IMPROVING TEXT CLASSIFICATION USING BACKGROUND KNOWLEDGE
Abstract:
The wide-spread availability of information in digital form has been both a blessing and a
curse. We now have enormous amounts of important information at our fingertips, yet
finding information relevant to a given task has become more and more difficult as the
amount of information has continued to grow without bound. One important tool in
managing the glut of online information is automated text classification, in which text
documents are automatically assigned to any of a fixed set of given categories. For
example, Web pages could be automatically placed into a hierarchy of topics based on
content, or email messages could be prioritized based on interest.
Inductive classification learning is one of the most popular tools for text classification.

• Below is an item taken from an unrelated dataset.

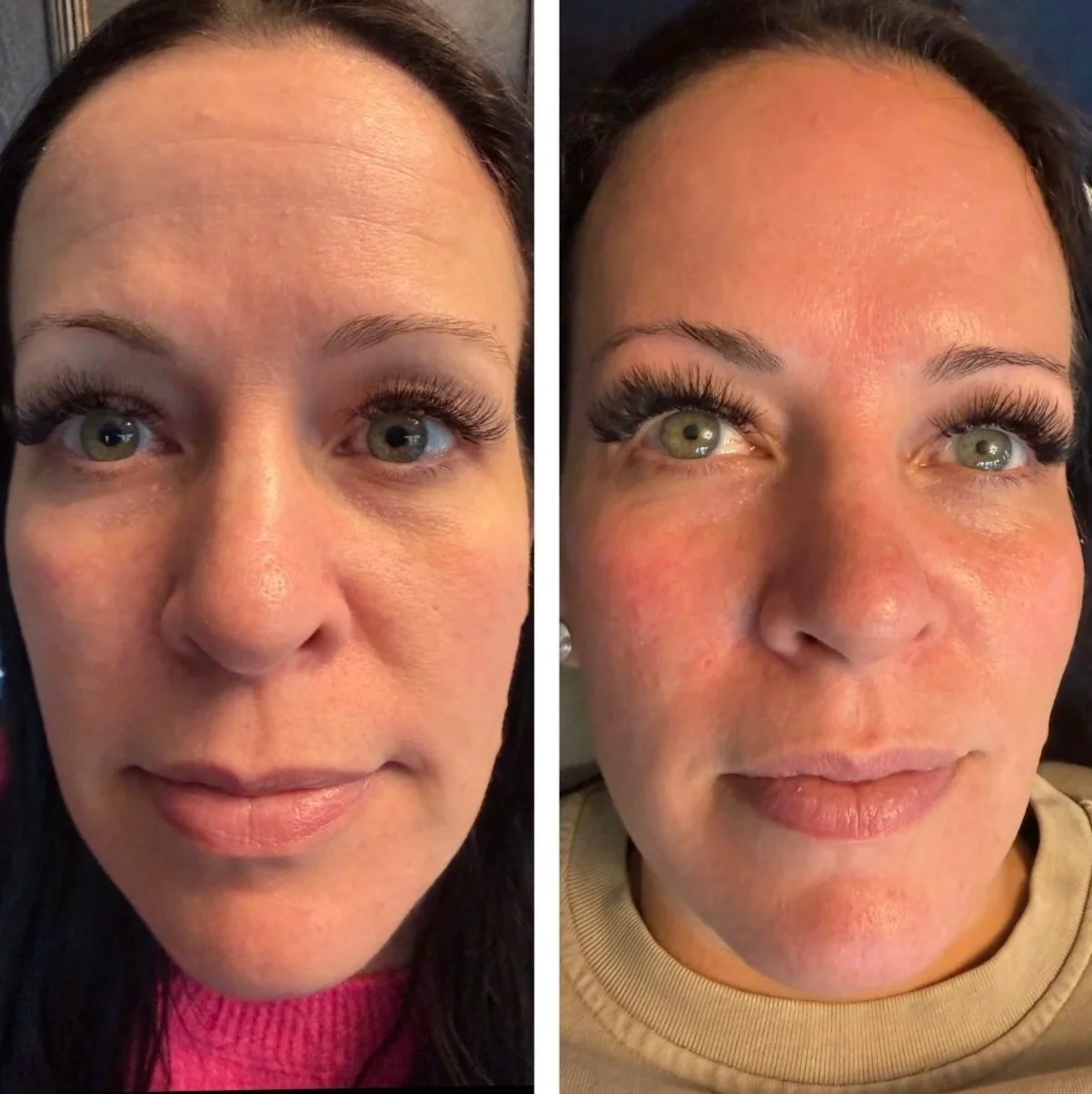 Side-by-side comparison of a woman's face before and after a skin treatment, showing a reduction in redness and skin smoothness.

This supervised learning method takes a corpus of documents already assigned to
appropriate categories, and extrapolates from them procedures for labeling new, other
uncategorized documents with suitable categories. However, such methods are data
intensive, requiring significant human effort to label sufficient documents to achieve
effective levels of accuracy. Recently, researchers have begun developing methods for
exploiting additional sources of information to improve the performance of text
classification learning methods even when given limited amounts of data.
This talk will describe three approaches for integrating sources of background knowledge
into the text classification process. The first takes existing unlabeled documents and
assigns labels to them, adding them to the corpus of labeled documents as additional data
that did not require any explicit human labeling. The second approach redefines the
process by which documents are compared to one another, assessing similarity not based
on direct comparison between documents but instead via similarity to shared pieces of
background text. The third approach uses background text to re-express documents into a
new space in which similarities are easier to discern and in which document comparison
takes place. The use of background knowledge is shown to generally improve text
classification accuracy across a range of tasks, and the talk will discuss the characteristics
of a learning problem that makes each of these approaches more or less effective at
improving classification. The talk will conclude with a discussion broader lessons on the
value of background knowledge in machine learning more generally.